[Records]:
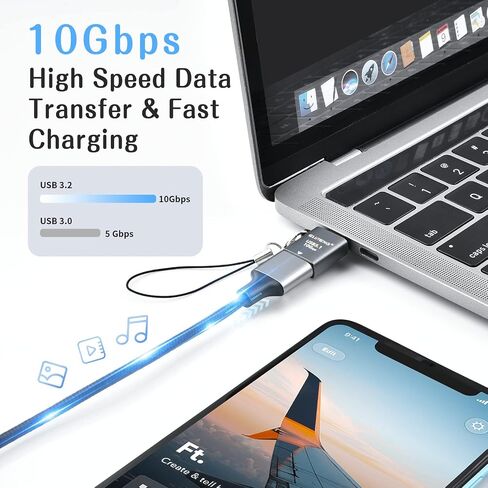 ELUTENG USB to USB C Adapter 2 Pack Type C Male to USB 3.1 Female Adapter 10Gbps Aluminum Alloy USB C to USB with Lanyards Compatibale with MacBook Pro, iPad Pro, iPhone 15 in Saudi Arabia
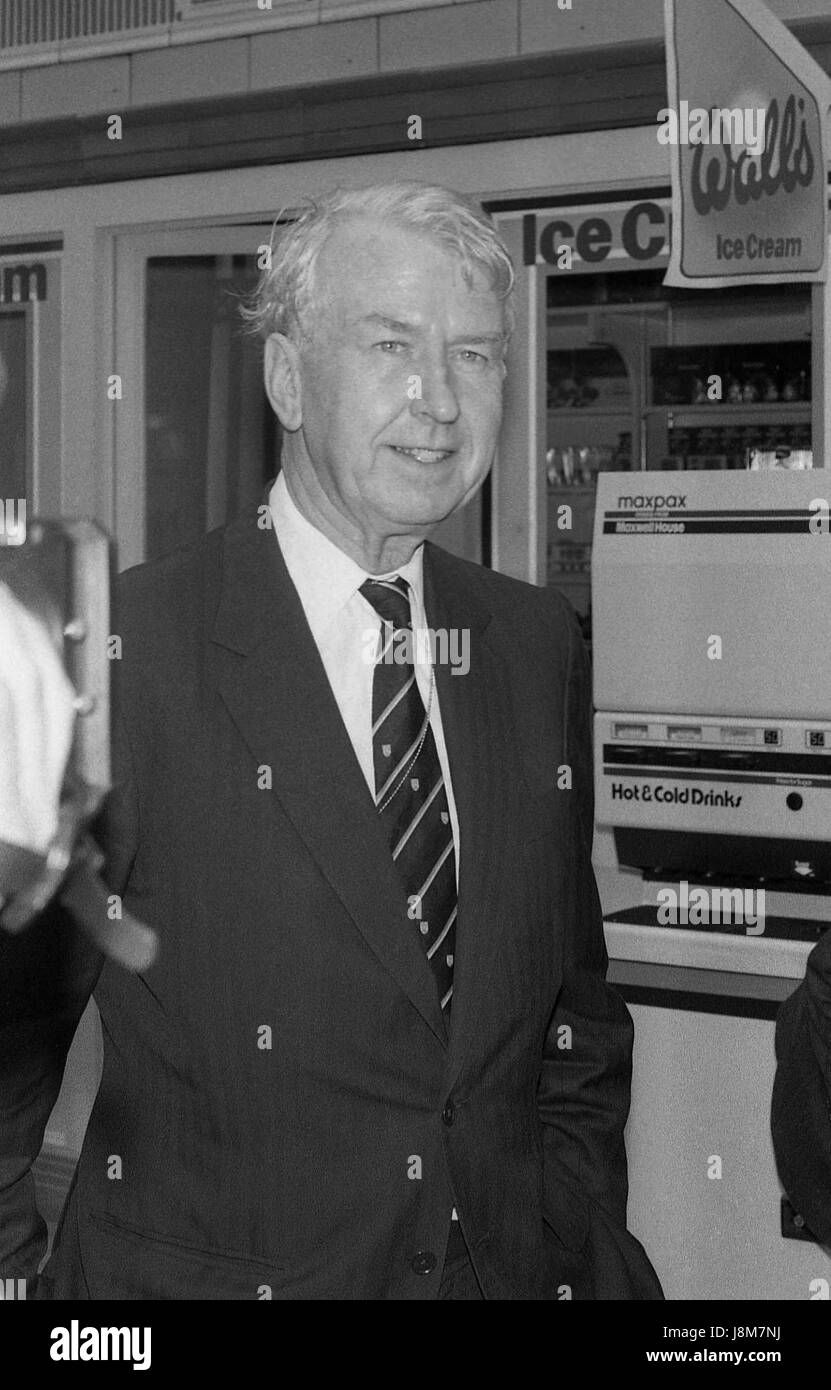 Rt Hon Peter Walker, Staatssekretär für Wales und der konservativen Partei Parlamentsmitglied für Worcester, besucht am Parteitag in Blackpool, England am 10. Oktober 1989. Stockfoto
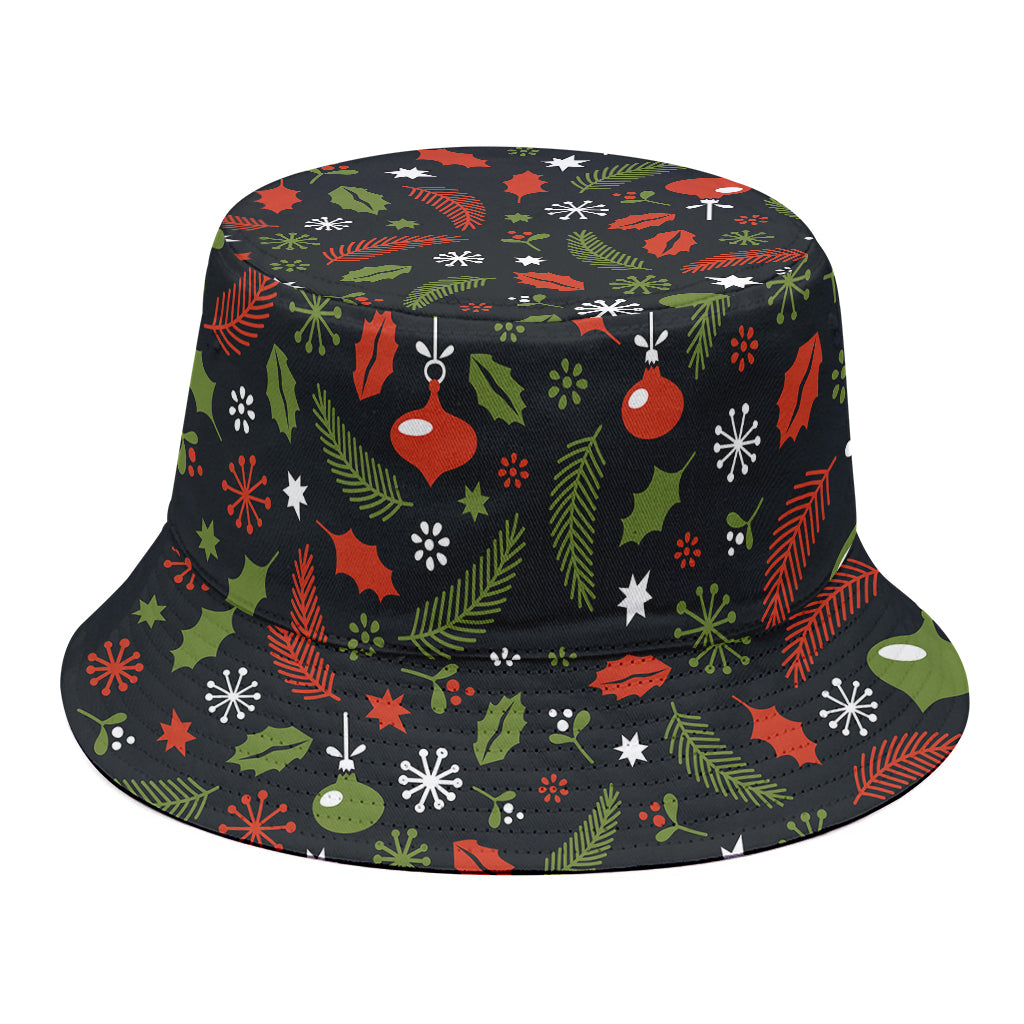 Christmas Decorations Pattern Print Bucket Hat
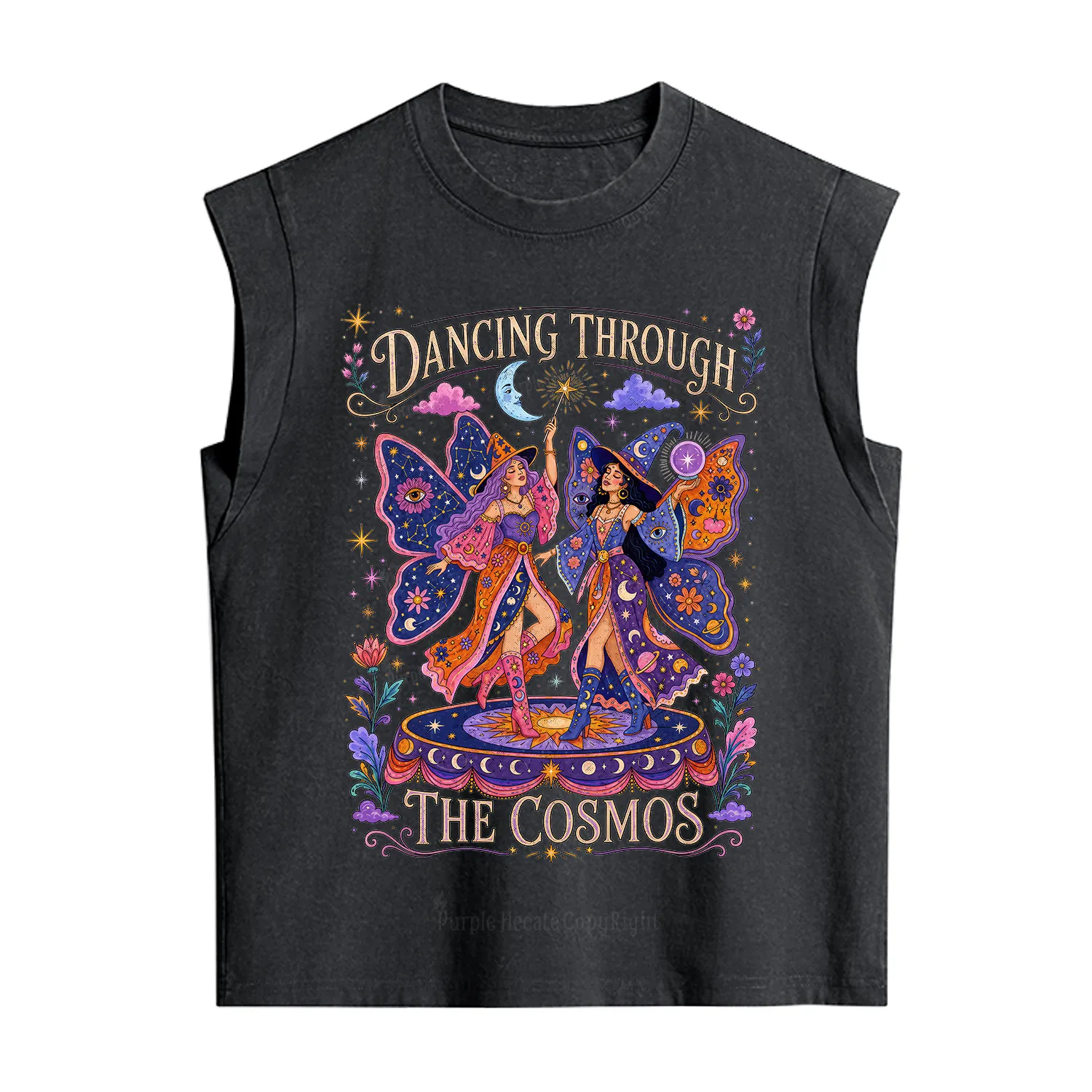 Purplehecate Dancing Through the Cosmos Vintage Washed Tank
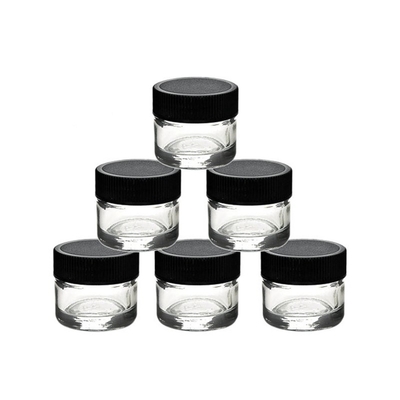 Food Grade Vapor Accessories , Transparent Glass Jar For Wax Oil CBD Crystal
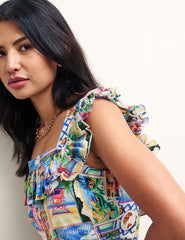 Postcard Print Cassidy Midi Dress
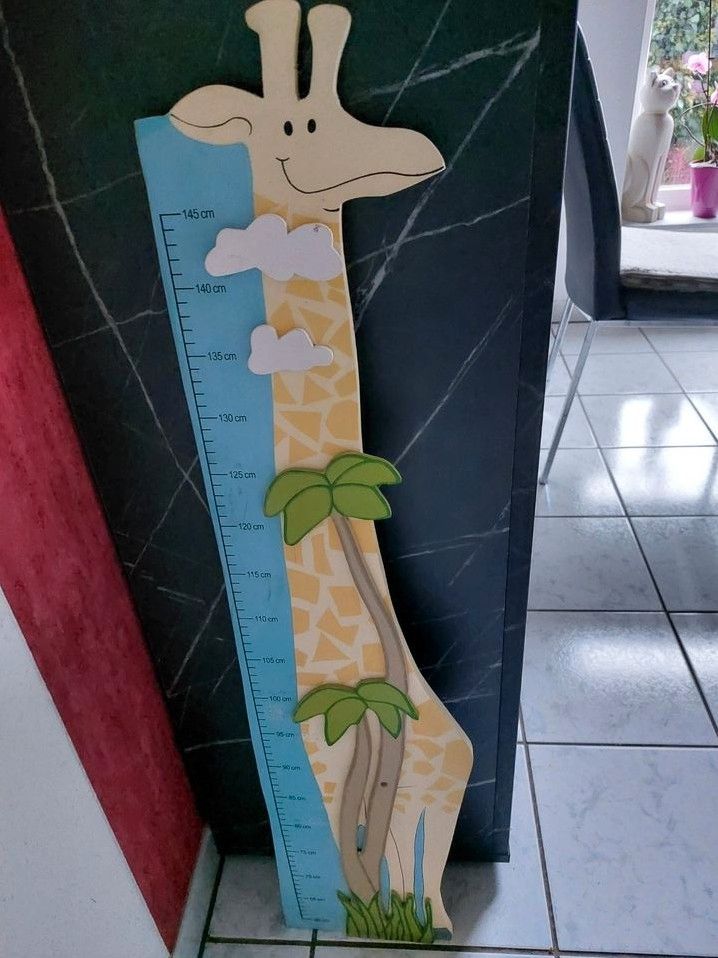 Messlatte Kinder Holz Giraffe Größe bandmass in Dinslaken
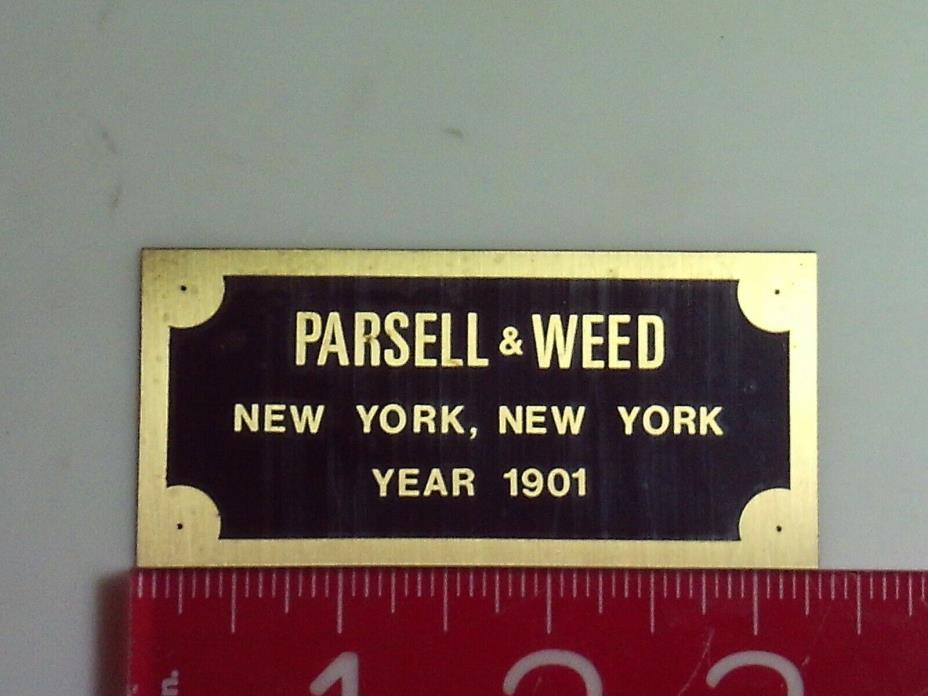 Parsell & Weed name tag Nameplate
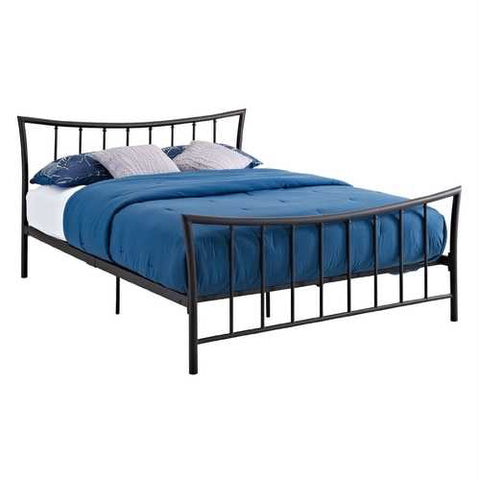 Image of Queen size Brushed Bronze Metal Platform Bed with Head and Footboard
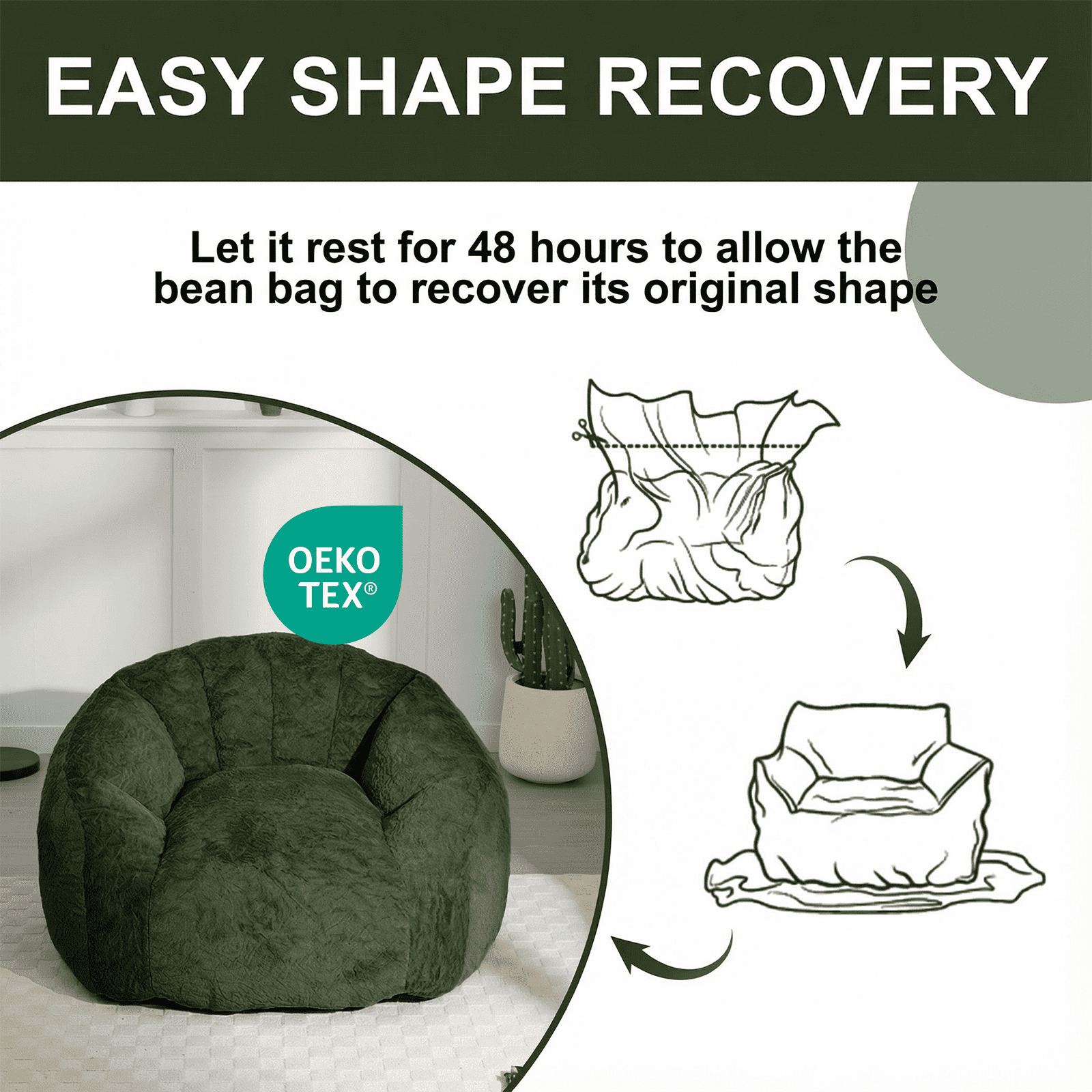 Ebenchico 3.9ft Bean Bag Chair for Adults Teens Kids, Shell Shape Faux Fur Beanbag Chairs, Memory Foam Filled Floor Chair for Reading, Gaming, Relaxing, Green
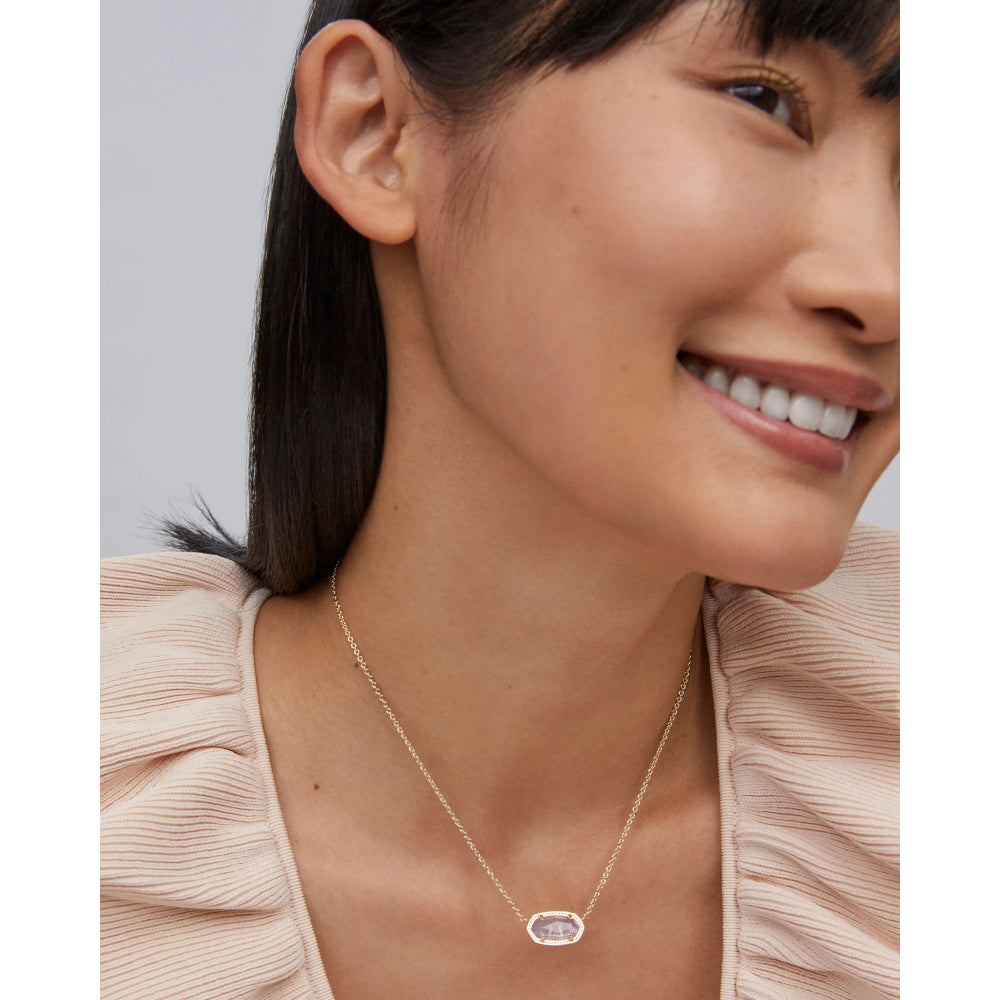 Kendra Scott Elisa Purple Amethyst Short Gold Pendant Necklace - A Fashionable Jewelry Accessory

[Requirement]: Please repeat every record exactly, leaving the pictures out.

[Result below]:
 ELUTENG USB to USB C Adapter 2 Pack Type C Male to USB 3.1 Female Adapter 10Gbps Aluminum Alloy USB C to USB with Lanyards Compatibale with MacBook Pro, iPad Pro, iPhone 15 in Saudi Arabia
 Rt Hon Peter Walker, Staatssekretär für Wales und der konservativen Partei Parlamentsmitglied für Worcester, besucht am Parteitag in Blackpool, England am 10. Oktober 1989. Stockfoto
 Christmas Decorations Pattern Print Bucket Hat
 Purplehecate Dancing Through the Cosmos Vintage Washed Tank
 Food Grade Vapor Accessories , Transparent Glass Jar For Wax Oil CBD Crystal
 Postcard Print Cassidy Midi Dress
 Messlatte Kinder Holz Giraffe Größe bandmass in Dinslaken
 Parsell & Weed name tag Nameplate
 Image of Queen size Brushed Bronze Metal Platform Bed with Head and Footboard
 Ebenchico 3.9ft Bean Bag Chair for Adults Teens Kids, Shell Shape Faux Fur Beanbag Chairs, Memory Foam Filled Floor Chair for Reading, Gaming, Relaxing, Green
 Kendra Scott Elisa Purple Amethyst Short Gold Pendant Necklace - A Fashionable Jewelry Accessory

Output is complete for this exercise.